In a statement seeking to explain the ad, Blankenship said "McConnell and his family have extensive ties to China" and that his father-in-law "owns a large Chinese shipping company." Blankenship says the company "was implicated recently in smuggling cocaine from Colombia to Europe, hidden aboard a company ship carrying foreign coal was $7 million dollars of cocaine and that is why we've deemed him 'Cocaine Mitch.'"
Here's the ad:
The statement goes on to say that a new book from conservative author Peter Schweitzer "examines how career politician Mitch McConnell used his elected influence and his wife's family's policies to get rich while regular Americans lost a trade war.

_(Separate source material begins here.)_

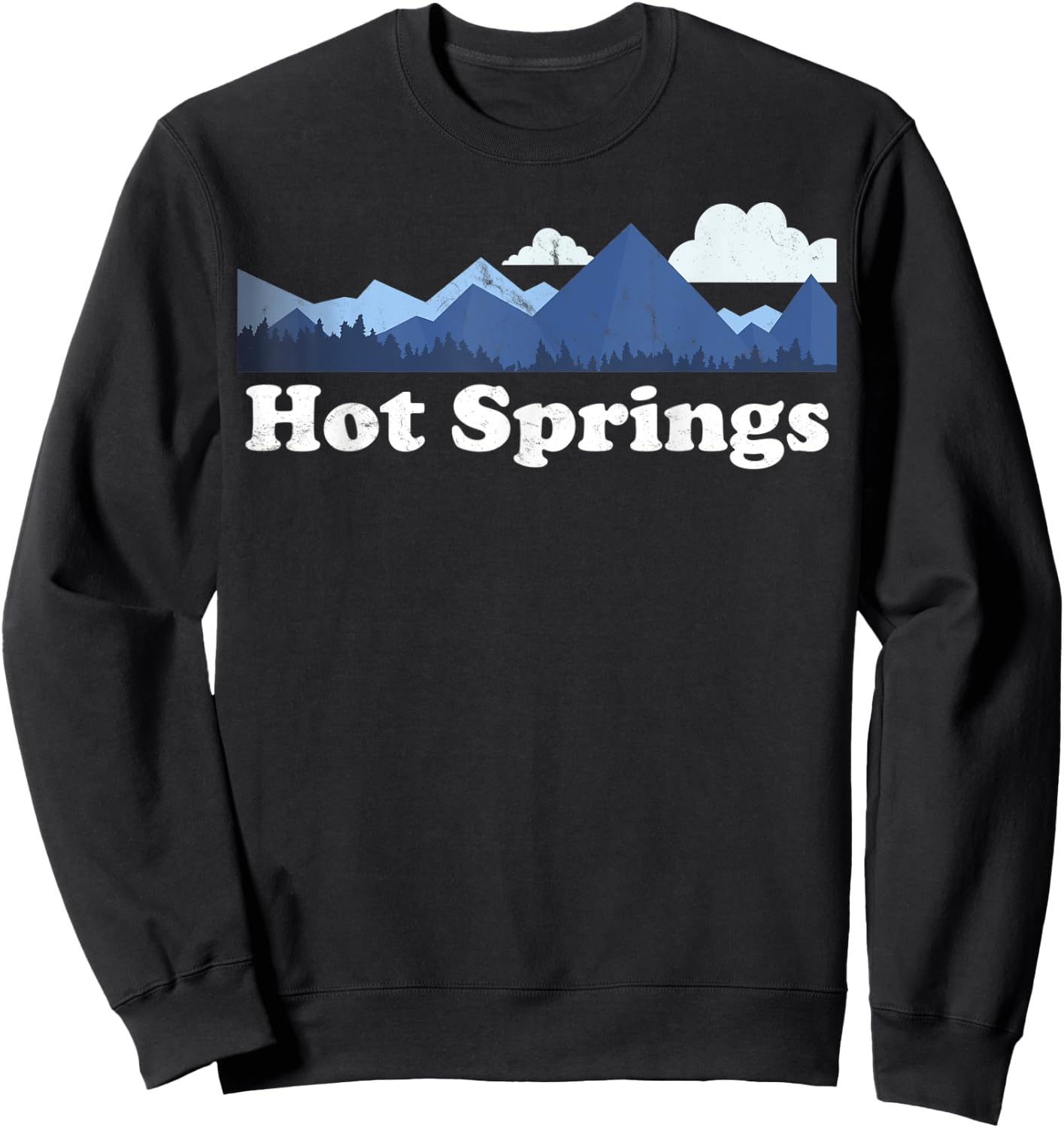 Hot Springs North Carolina Blue Ridge Mountains NC Sweatshirt - Sweatshirt | Black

A trade war that has cost millions their jobs and therefore created idleness and despair, which as we know leads to illegal drug use including cocaine."

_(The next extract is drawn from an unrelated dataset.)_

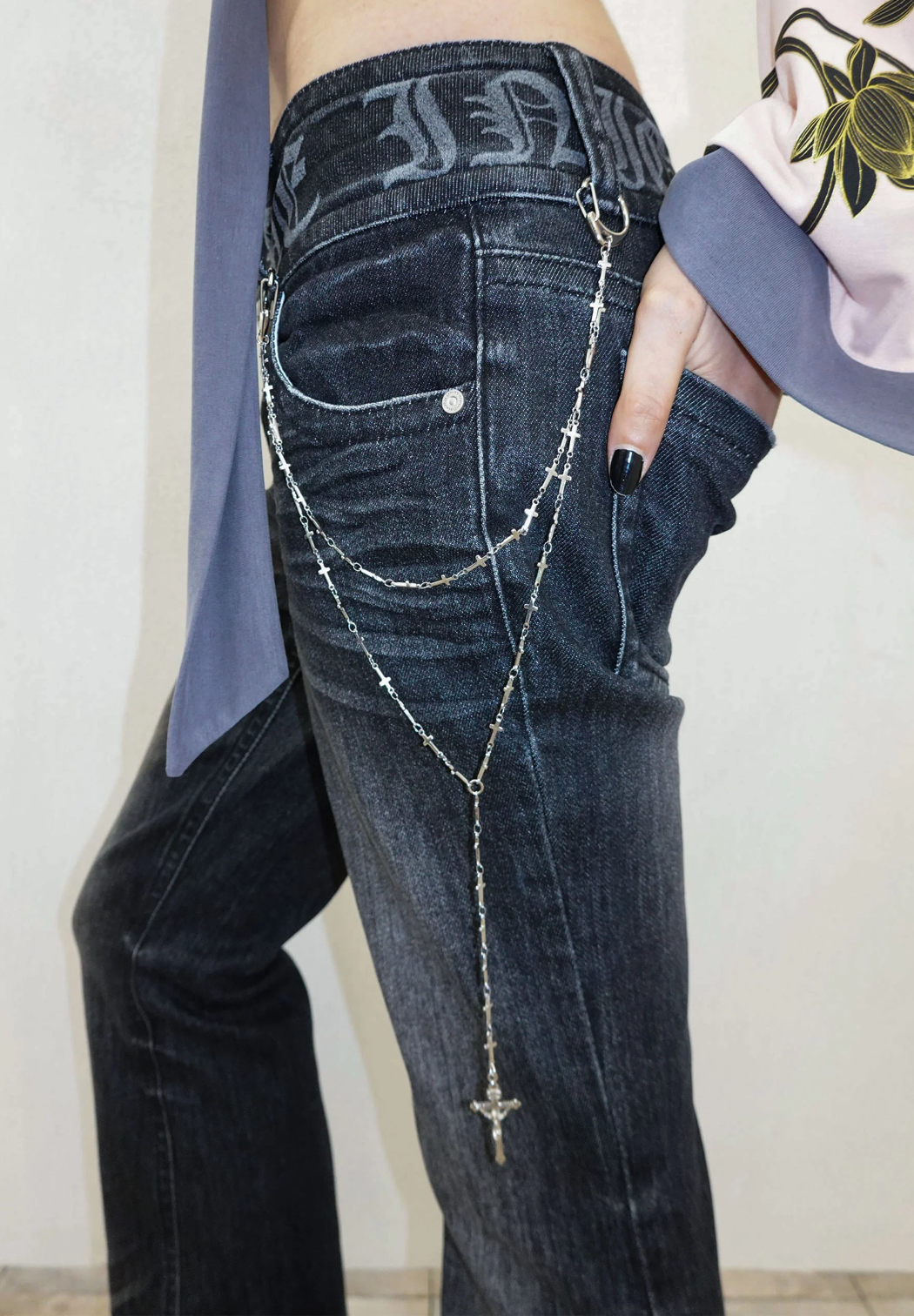 【SCULPTOR】Confession Chain Denim  - 3 colors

The statement then says cocaine "overdose deaths in the United States are rising rapidly as a result." The statement links to a 2014 report in The Nation, a progressive magazine, which says that shipping vessel owned by Chao's family was found containing roughly 90 pounds of cocaine by Columbian authorities.
McConnell's office referred a request for comment to the National Republican Senate Committee (NRSC). The NRSC did not immediately return a request for comment.
Blankenship spent a year in prison after he was found guilty of violating mine safety rules in the wake of the Upper Big Branch Mine disaster, which killed 29 miners in 2010, the biggest coal mine disaster in the U.S. in 40 years. He mentions the mine disaster at the beginning of his ad: "Politicians are running a lot of crazy ads. They blew up the coal mine and then put me in prison," he says, facing the camera. "Now they're running ads saying the coal mine blew up, and I went to prison. There's no surprise there."
Establishment Republicans are worried that Blankenship could win next week's GOP Senate primary against two more mainstream candidates, which they fear could cost them a winnable race against vulnerable Democratic incumbent Sen. Joe Manchin.
A new ad from Mountain Families PAC, which is affiliated with establishment Republicans, blasts "convicted criminal Don Blankenship." Meanwhile, the West Virginia Chamber of Commerce recently endorsed Rep. Evan Jenkins, one of Blankenship's opponents in the primary.